More than 6,000 people signed the petition for a two-year moratorium on mining silica, also called frac sand, in southeastern counties, as well as the creation of statewide regulations to protect water and air quality, according to the Land Stewardship Project, a nonprofit group for sustainable land policy.
Although Dayton supported a moratorium during the 2013 session, legal counsel has advised him against imposing a mining ban unilaterally, according to a statement Tuesday by press secretary Matt Swenson. He said citizens should instead urge local officials to enact regulations — including moratoriums — as authorized under state law.
The Land Stewardship Project contends Dayton can order a mining ban under the 1973 Critical Areas Act, which gives the state power to regulate areas “possessing important historic, cultural or esthetic values, or natural systems which perform functions of greater than local significance” that could be harmed by development.
“This directly applies to southeast Minnesota’s bluff country with its karst topography, world-class trout streams and strong heritage of family-farm agriculture,” said Marilyn Frauenkron Bayer, a Land Stewardship Project member from Winona County.
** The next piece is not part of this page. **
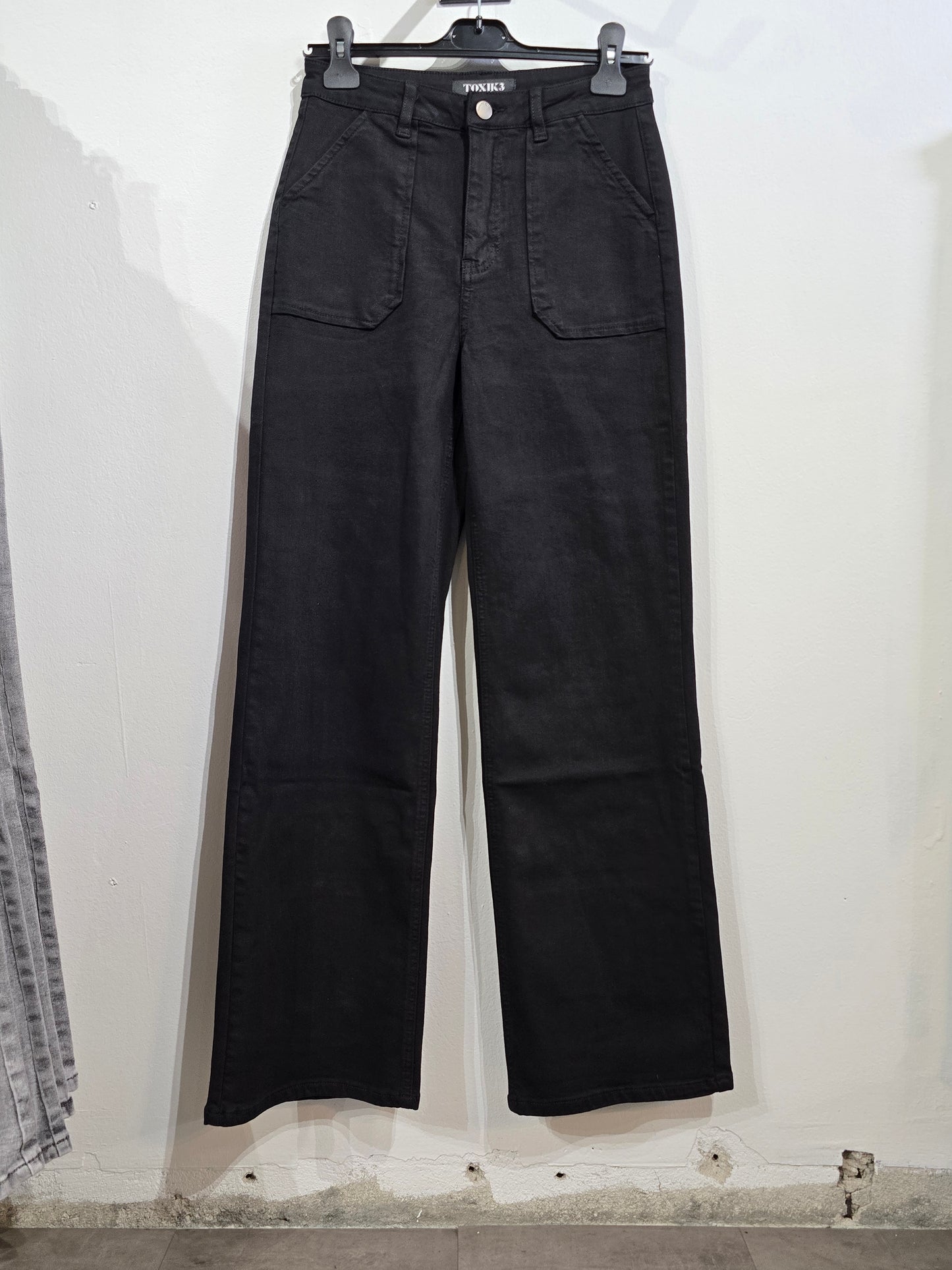 JEANS Svarta Vida raka ben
But using the Critical Areas Act would be an “overreach,” said Dennis Egan, executive director of the Minnesota Industrial Sand Council. The former Red Wing mayor stepped down last spring amid controversy over his work with the industry group.
“There are no active proposals for new silica sand projects in southeastern Minnesota,” Egan said. “And state law ensures that any significant new projects will be subject to stringent environmental review before any permit decisions are made.”
Silica is used in hydraulic fracturing, a type of mining that uses water pressure to crack rock formations and extract oil and natural gas. Parts of Minnesota and Wisconsin are abundant in quartz-rich sand prized by mining companies.
Majority favor a ban
Delivery of the petition came a day after the Land Stewardship Project released a poll showing a majority of Minnesotans oppose increased silica mining in the state and favor a moratorium. About 64 percent of respondents said they support a two-year ban on new sand mines in southeastern Minnesota while research continues on environmental impacts.
“Action is needed because frac sand mining destroys the land, puts our aquifers at risk, decreases home values and pollutes our water and air, along with who knows what other unintended consequences,” Bayer said.
The group commissioned Fairbank, Maslin, Maullin & Associates and Public Opinion Strategies to conduct the poll in February. The sample included phone interviews with voters in Fillmore, Goodhue, Houston, Olmstead, Wabasha and Winona counties.
Mining proponents say regional sand mining will spur the economy and lead to energy independence through increased domestic oil output, but residents in potential mining spots have concerns about water and air contamination caused by sand extraction and processing.
“We cannot let short-term profits for a few investors come at the expensive of our environment and our small-town living,” said Lynn Schoen, a Wabasha City Council member. She was among the group that delivered the petition Tuesday.
A number of local governments around the region have considered or enacted mining bans and updated ordinances, including Goodhue County’s 30-month extended moratorium that expired March 6.
The Legislature passed laws last year directing the Environmental Quality Board, Minnesota Pollution Control Agency, Department of Natural Resources and other state agencies to develop regulations for silica operations and give technical assistance to counties and cities.
Egan said the new laws strengthen local governments, which are best suited to make land-use decisions in their jurisdictions.